▶ _Recorded information_:

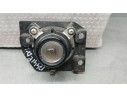 Recambio de faro antiniebla derecho para fiat 500 (312_) 1.0 mild hybrid (312.ayd1b) referencia OEM IAM 52007769  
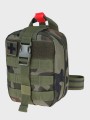 DOMINATOR_Apteczka_Zrywana_Duża_Wz93_galeria_SKLEP_03.jpg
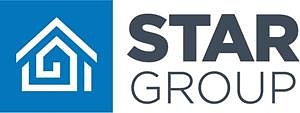 Star Group's Earnings: A Test of Resilience in a Shifting Energy Era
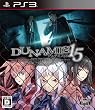 DUNAMIS15 (�ʏ��)
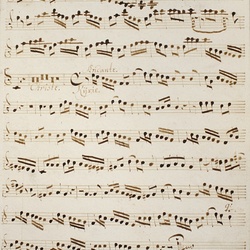 A 86, G. Reutter, Missa, Violino I-1.jpg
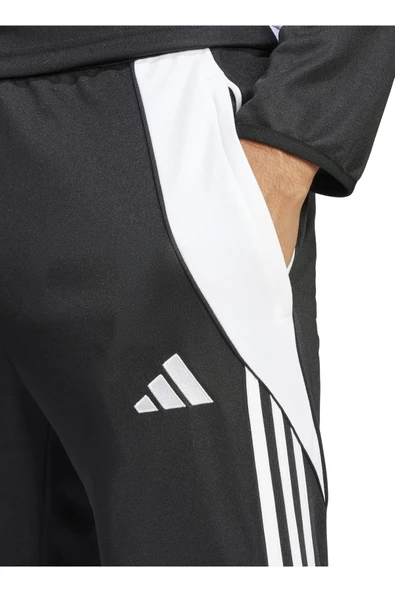 TİRO 24 SLİM TRAİNİNG EŞOFMAN ALTI IP1953 - 2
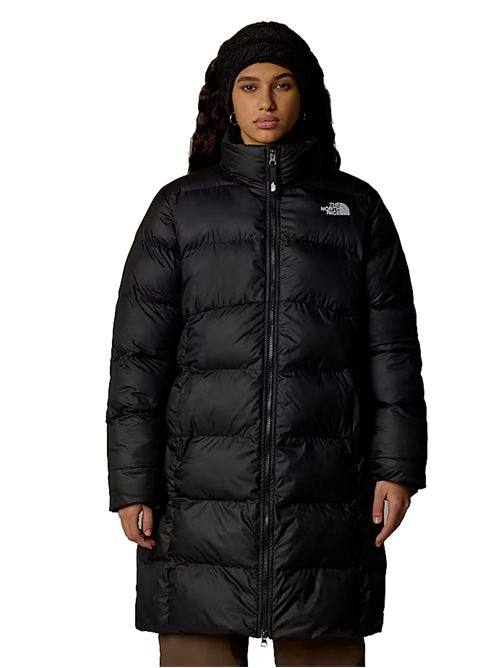 THE NORTH FACE Piumino lungo Saikuru THE NORTH FACE | NF0A89JEJK31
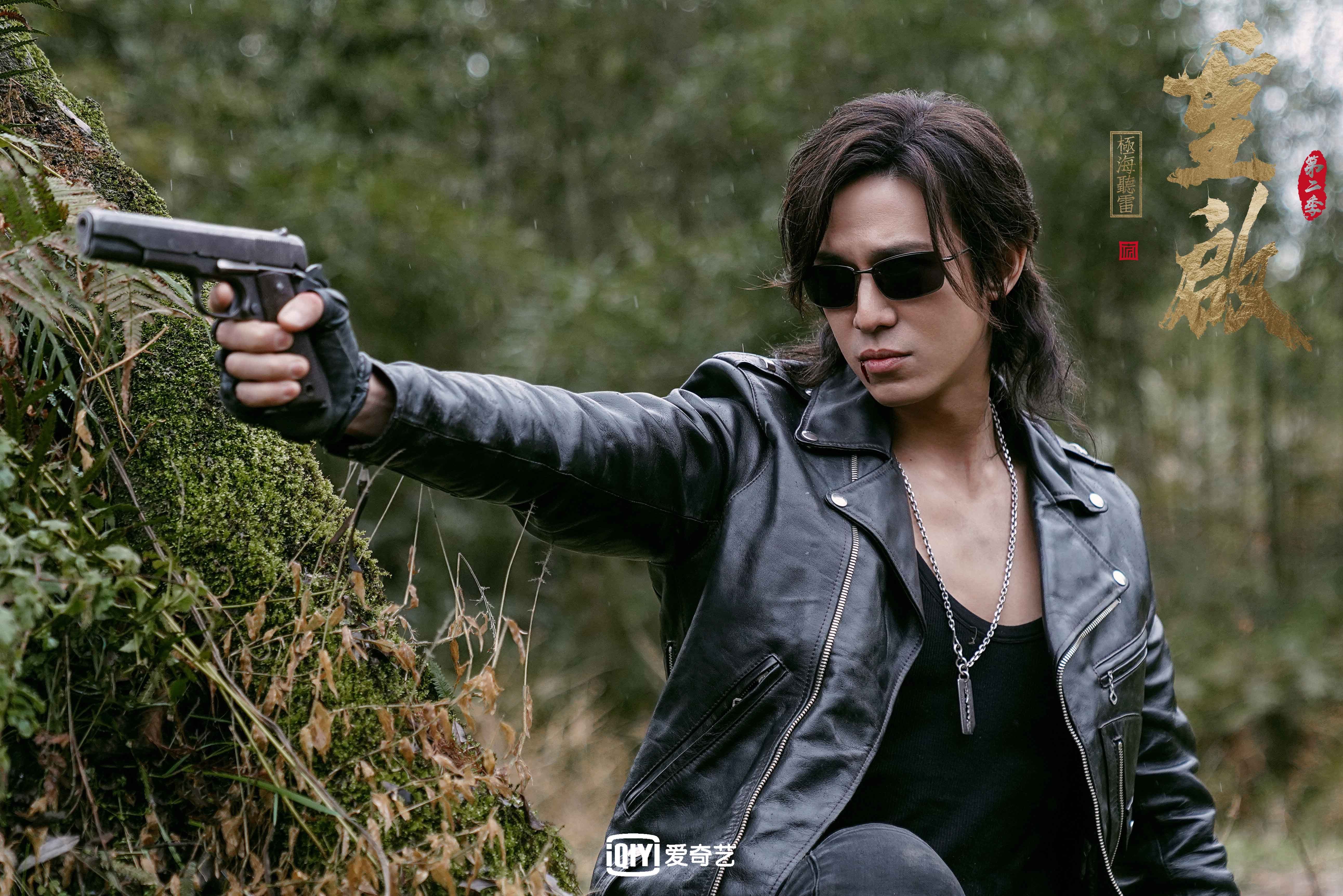 逆天改命,当英格兰用莎士比亚的笔法翻盘,樊振东用球拍刻下新的纪年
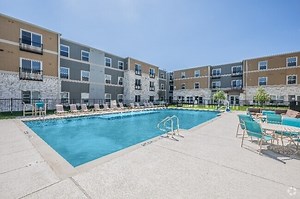 Senior Living Apartments for Rent in Manor TX | Apartments.com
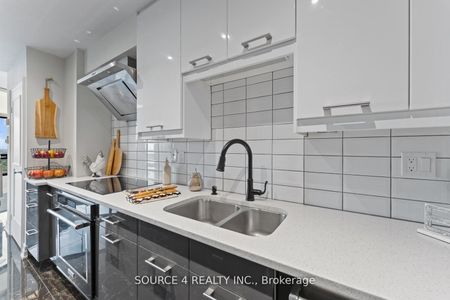 For Lease - 1300 Bloor Street Unit# PH7, Mississauga, Ontario - Photo 3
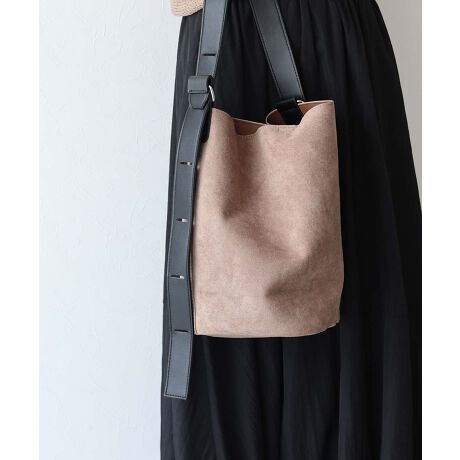 [^:9-9645]gh̃\tgEGX^CyɎXEF[hñobOyPOINTzȂ߂炩ȃoPcVGbgIVŃghCNȃobOBۂoXG[h̐nƏiȃn̂tFCNU[ŏ{̃[hoȂꂢ߂ȈۂɁBnh̒߂ł̂ŁAV_[obO`g[gobOƂčD݂ɍ킹Ăg܂BJoɂ҂̃TCY̋Вt(|Pbgt)Ȃ̂ŎgQقǂ悢TCYŃfC[Ɏg₷\obOłBySTYLINGzVvȃfUCȂ̂łꂢ߂JWA܂ł܂܂ȃR[fɂg܂BƉו̂ŁAs⃌W[ɂ҂Bقǂ悢TCYŁAǂ̂悤ȃR[fɂ킹₷ACełByDETAILz}Olbg{^ŊJnh̒߉\O\ȋВtВFt@Xi[|Pbg~PAI[v|Pbg~PyFREEzF38F30}`F21F64`103nXEF[hntFCNU[[ îCɓo^ ]J[̍ēגʒmAl̂m点AXgP_̒ʒmȂǂ󂯎邱Ƃł܂BēׂĂ܂̂ŁACɓo^Ēƍē׏GETo܂B[ uĥCɓo^ ]Vi̔ēׁA^CZ[N[|ŝm点ȂBLUEEAST̂ȏ󂯎邱Ƃł܂BЂo^EYɂAFATCYAfUCAfނ̎ύXꍇ܂BEfp摜͎Beɂ̐FƈقȂČꍇ܂Bî݂̉摜ۂ̏iɋ߂FƂȂĂ܂̂łmFBE̒[̃j^[ƖɂĂ͎̐FƈقȂČꍇ܂BȆ̂ӓ_͎戵\^OmFB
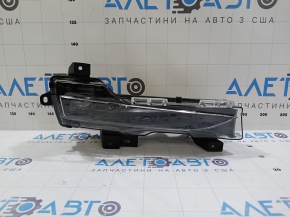 Tesla Model Y Right Fog Light 20-25 EUR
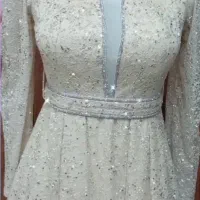 لباس مجلسی خانه و اشپزخانه|لباس|تربتحیدریه, شهرک ولیعصر|دیوار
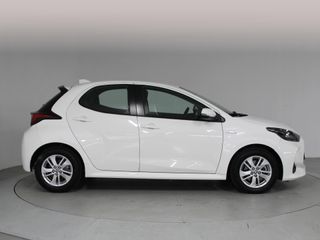 Toyota Yaris 1.5 120H Active Tech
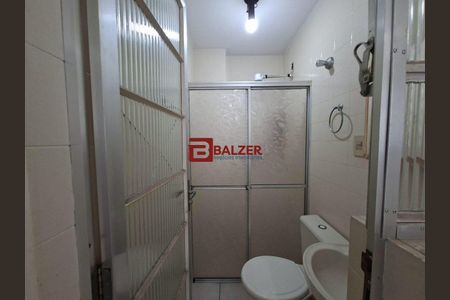 10_photo/9527383b01.944538574a8fc3f7-ATLAS-04ddf754-c4bd-4bd3-bf22-6d3b8a02faec.jpg de apartamento à venda com 2 quartos, 81m² em Centro, Florianópolis
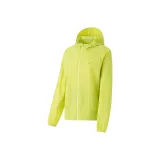 Neon Green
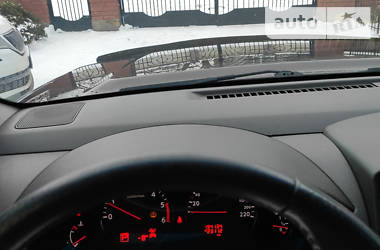 Позашляховик / Кросовер Nissan Pathfinder 2010 в Івано-Франківську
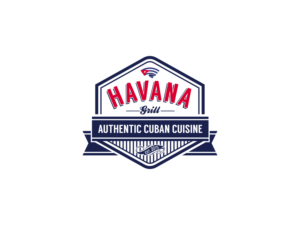 Logo Design by Tony Bishop for Titan Media Group | Design: #16723598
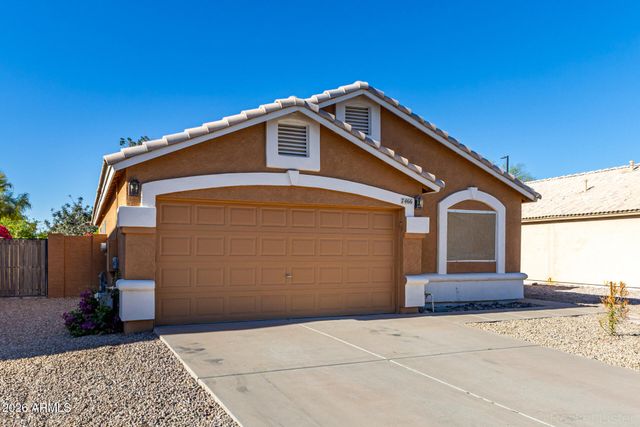 7466 E NIDO Avenue, Mesa, AZ 85209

▶ _What is expected_:
Omit the pictures and print again exactly the lines from the one with "DUNAMIS15 (�ʏ��)" through the final line of the entries, both ends included.

▶ _Solution to this exercise_:
 DUNAMIS15 (�ʏ��)
 A 86, G. Reutter, Missa, Violino I-1.jpg
 TİRO 24 SLİM TRAİNİNG EŞOFMAN ALTI IP1953 - 2
 THE NORTH FACE Piumino lungo Saikuru THE NORTH FACE | NF0A89JEJK31
 逆天改命,当英格兰用莎士比亚的笔法翻盘,樊振东用球拍刻下新的纪年
 Senior Living Apartments for Rent in Manor TX | Apartments.com
 For Lease - 1300 Bloor Street Unit# PH7, Mississauga, Ontario - Photo 3
 [^:9-9645]gh̃\tgEGX^CyɎXEF[hñobOyPOINTzȂ߂炩ȃoPcVGbgIVŃghCNȃobOBۂoXG[h̐nƏiȃn̂tFCNU[ŏ{̃[hoȂꂢ߂ȈۂɁBnh̒߂ł̂ŁAV_[obO`g[gobOƂčD݂ɍ킹Ăg܂BJoɂ҂̃TCY̋Вt(|Pbgt)Ȃ̂ŎgQقǂ悢TCYŃfC[Ɏg₷\obOłBySTYLINGzVvȃfUCȂ̂łꂢ߂JWA܂ł܂܂ȃR[fɂg܂BƉו̂ŁAs⃌W[ɂ҂Bقǂ悢TCYŁAǂ̂悤ȃR[fɂ킹₷ACełByDETAILz}Olbg{^ŊJnh̒߉\O\ȋВtВFt@Xi[|Pbg~PAI[v|Pbg~PyFREEzF38F30}`F21F64`103nXEF[hntFCNU[[ îCɓo^ ]J[̍ēגʒmAl̂m点AXgP_̒ʒmȂǂ󂯎邱Ƃł܂BēׂĂ܂̂ŁACɓo^Ēƍē׏GETo܂B[ uĥCɓo^ ]Vi̔ēׁA^CZ[N[|ŝm点ȂBLUEEAST̂ȏ󂯎邱Ƃł܂BЂo^EYɂAFATCYAfUCAfނ̎ύXꍇ܂BEfp摜͎Beɂ̐FƈقȂČꍇ܂Bî݂̉摜ۂ̏iɋ߂FƂȂĂ܂̂łmFBE̒[̃j^[ƖɂĂ͎̐FƈقȂČꍇ܂BȆ̂ӓ_͎戵\^OmFB
 Tesla Model Y Right Fog Light 20-25 EUR
 لباس مجلسی خانه و اشپزخانه|لباس|تربتحیدریه, شهرک ولیعصر|دیوار
 Toyota Yaris 1.5 120H Active Tech
 10_photo/9527383b01.944538574a8fc3f7-ATLAS-04ddf754-c4bd-4bd3-bf22-6d3b8a02faec.jpg de apartamento à venda com 2 quartos, 81m² em Centro, Florianópolis
 Neon Green
 Позашляховик / Кросовер Nissan Pathfinder 2010 в Івано-Франківську
 Logo Design by Tony Bishop for Titan Media Group | Design: #16723598
 7466 E NIDO Avenue, Mesa, AZ 85209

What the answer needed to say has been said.